··· Data to examine ···
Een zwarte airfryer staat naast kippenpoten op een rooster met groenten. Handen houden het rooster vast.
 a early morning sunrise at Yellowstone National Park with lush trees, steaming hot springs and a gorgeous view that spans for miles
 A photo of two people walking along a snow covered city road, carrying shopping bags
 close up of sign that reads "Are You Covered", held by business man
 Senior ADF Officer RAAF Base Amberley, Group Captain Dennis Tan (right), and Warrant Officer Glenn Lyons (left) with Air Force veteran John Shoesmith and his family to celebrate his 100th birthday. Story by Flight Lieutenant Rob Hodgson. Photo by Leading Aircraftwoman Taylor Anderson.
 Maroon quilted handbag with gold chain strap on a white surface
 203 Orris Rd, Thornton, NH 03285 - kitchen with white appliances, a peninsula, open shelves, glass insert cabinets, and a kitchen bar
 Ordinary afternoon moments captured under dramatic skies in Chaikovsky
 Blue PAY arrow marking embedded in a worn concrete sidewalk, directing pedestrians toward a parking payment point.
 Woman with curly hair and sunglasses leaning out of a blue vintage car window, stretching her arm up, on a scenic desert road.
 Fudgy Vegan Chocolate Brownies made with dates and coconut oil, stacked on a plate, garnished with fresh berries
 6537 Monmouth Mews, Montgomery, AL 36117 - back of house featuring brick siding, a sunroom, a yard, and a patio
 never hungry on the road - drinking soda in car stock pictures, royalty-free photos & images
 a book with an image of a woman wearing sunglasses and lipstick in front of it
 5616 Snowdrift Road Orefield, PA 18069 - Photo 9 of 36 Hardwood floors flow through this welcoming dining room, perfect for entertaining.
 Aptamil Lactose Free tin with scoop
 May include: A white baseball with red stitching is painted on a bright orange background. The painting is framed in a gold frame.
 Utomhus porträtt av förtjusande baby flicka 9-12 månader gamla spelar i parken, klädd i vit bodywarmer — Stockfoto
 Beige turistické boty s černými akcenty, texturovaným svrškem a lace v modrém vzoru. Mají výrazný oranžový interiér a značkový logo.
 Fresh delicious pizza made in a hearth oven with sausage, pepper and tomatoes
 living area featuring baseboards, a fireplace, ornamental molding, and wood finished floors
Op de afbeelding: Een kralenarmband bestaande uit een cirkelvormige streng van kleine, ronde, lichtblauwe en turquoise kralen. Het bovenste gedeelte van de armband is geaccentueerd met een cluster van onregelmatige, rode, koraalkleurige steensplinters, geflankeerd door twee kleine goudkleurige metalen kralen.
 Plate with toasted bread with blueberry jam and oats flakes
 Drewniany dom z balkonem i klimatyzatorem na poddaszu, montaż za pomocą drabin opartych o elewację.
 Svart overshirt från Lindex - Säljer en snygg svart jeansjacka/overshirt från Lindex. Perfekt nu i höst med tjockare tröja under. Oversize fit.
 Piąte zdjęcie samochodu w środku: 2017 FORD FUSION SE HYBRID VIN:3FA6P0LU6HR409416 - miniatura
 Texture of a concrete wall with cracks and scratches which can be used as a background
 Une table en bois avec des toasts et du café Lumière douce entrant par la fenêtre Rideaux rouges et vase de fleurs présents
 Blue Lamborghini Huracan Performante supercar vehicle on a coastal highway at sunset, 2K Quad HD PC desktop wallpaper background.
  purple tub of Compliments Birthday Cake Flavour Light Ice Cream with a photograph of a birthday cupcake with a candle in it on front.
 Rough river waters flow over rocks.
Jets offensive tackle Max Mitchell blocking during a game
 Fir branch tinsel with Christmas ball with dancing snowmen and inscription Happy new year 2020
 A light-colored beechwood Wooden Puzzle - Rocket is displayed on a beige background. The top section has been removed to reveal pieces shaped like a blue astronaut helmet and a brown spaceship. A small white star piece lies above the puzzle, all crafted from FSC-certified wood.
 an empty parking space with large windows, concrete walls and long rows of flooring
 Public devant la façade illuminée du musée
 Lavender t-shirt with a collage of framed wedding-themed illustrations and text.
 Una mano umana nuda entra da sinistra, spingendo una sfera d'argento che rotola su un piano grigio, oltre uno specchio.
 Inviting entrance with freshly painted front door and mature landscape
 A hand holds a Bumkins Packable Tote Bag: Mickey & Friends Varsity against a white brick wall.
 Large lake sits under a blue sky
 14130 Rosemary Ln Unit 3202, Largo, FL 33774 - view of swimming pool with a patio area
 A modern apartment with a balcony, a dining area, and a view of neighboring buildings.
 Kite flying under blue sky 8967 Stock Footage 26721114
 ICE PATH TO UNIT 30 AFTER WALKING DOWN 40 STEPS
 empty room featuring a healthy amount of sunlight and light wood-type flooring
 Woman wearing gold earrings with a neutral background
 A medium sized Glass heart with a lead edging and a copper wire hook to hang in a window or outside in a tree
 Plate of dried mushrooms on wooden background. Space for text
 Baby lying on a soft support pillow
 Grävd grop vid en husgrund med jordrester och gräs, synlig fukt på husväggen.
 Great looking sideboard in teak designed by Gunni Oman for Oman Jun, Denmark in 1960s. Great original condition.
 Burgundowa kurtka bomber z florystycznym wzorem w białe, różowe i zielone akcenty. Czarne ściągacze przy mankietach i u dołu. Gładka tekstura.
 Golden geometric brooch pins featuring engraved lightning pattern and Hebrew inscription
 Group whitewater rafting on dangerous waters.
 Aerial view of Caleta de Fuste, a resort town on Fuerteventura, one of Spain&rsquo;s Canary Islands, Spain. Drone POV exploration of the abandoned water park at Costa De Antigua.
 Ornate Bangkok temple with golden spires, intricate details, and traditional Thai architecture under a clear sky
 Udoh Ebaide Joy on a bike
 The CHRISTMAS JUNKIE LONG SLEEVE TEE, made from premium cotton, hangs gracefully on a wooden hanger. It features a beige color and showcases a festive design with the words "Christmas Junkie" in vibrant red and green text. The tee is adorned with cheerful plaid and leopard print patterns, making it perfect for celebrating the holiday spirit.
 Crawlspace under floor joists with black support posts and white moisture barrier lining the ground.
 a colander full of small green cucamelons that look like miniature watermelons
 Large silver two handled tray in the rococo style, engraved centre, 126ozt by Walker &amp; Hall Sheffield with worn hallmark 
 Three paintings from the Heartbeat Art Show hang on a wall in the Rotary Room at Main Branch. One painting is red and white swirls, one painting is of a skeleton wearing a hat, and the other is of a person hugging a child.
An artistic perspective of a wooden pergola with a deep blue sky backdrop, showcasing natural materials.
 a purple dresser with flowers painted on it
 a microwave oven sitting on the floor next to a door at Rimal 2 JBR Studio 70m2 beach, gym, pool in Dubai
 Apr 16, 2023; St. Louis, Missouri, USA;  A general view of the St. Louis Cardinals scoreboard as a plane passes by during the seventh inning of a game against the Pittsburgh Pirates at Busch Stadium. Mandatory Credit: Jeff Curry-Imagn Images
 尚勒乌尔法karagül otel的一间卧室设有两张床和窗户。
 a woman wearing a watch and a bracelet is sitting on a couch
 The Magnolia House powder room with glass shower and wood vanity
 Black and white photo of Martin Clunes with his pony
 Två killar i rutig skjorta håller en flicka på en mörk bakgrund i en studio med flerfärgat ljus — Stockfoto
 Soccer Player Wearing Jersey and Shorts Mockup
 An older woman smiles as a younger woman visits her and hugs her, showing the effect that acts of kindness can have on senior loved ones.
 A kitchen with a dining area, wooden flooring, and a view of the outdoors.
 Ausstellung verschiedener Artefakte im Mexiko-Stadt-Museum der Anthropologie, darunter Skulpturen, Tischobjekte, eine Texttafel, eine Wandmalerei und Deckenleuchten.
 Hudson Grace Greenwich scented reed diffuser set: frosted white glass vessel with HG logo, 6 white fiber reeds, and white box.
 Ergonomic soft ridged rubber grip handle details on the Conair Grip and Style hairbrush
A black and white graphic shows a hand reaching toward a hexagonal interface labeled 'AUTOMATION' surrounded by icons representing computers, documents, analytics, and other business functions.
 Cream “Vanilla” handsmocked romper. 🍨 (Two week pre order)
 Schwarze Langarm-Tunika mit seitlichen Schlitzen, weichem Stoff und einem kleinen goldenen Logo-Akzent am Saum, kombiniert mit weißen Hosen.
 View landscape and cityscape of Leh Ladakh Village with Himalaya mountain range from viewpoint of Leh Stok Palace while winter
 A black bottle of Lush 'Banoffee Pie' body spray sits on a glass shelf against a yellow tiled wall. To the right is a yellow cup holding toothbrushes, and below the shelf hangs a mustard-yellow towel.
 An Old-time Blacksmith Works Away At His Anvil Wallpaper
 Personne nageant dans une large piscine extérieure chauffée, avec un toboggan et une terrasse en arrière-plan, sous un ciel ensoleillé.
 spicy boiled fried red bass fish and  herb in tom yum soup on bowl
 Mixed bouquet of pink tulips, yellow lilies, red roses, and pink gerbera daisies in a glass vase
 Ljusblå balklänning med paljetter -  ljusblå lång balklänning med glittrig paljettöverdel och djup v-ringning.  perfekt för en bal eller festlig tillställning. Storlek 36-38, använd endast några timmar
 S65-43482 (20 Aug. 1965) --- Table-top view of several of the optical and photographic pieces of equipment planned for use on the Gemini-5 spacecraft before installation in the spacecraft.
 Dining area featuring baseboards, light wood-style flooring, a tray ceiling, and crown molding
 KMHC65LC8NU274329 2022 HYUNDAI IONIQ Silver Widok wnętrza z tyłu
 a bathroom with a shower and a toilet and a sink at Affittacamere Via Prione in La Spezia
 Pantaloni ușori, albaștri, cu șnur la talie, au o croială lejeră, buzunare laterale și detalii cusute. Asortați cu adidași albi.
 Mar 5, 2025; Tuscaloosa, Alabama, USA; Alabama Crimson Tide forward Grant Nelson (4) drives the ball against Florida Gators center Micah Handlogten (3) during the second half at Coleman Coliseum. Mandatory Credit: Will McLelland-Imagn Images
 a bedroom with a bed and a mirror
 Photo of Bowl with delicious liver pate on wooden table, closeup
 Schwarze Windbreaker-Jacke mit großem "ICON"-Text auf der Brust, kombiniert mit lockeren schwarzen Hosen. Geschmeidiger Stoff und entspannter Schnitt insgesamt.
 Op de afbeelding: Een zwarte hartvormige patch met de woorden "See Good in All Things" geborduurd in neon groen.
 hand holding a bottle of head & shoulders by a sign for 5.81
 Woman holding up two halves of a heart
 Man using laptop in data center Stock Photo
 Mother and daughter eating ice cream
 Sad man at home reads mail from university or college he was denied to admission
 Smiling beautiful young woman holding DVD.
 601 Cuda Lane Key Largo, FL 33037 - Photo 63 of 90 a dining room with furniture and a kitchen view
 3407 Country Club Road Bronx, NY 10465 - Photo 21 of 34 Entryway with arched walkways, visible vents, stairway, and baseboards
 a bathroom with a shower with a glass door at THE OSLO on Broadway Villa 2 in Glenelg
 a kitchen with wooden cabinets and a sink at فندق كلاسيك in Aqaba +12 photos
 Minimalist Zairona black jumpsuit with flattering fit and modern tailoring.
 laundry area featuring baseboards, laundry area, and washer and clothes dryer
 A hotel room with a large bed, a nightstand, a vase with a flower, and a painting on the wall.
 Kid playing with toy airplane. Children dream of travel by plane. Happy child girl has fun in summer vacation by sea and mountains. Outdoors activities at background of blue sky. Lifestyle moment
···
◆ Prompt ◆
Write down, word for word, the lines above from the one containing "A light-colored beechwood" through the one containing "Una mano umana", both ends included.

◆ Solution ◆
 A light-colored beechwood Wooden Puzzle - Rocket is displayed on a beige background. The top section has been removed to reveal pieces shaped like a blue astronaut helmet and a brown spaceship. A small white star piece lies above the puzzle, all crafted from FSC-certified wood.
 an empty parking space with large windows, concrete walls and long rows of flooring
 Public devant la façade illuminée du musée
 Lavender t-shirt with a collage of framed wedding-themed illustrations and text.
 Una mano umana nuda entra da sinistra, spingendo una sfera d'argento che rotola su un piano grigio, oltre uno specchio.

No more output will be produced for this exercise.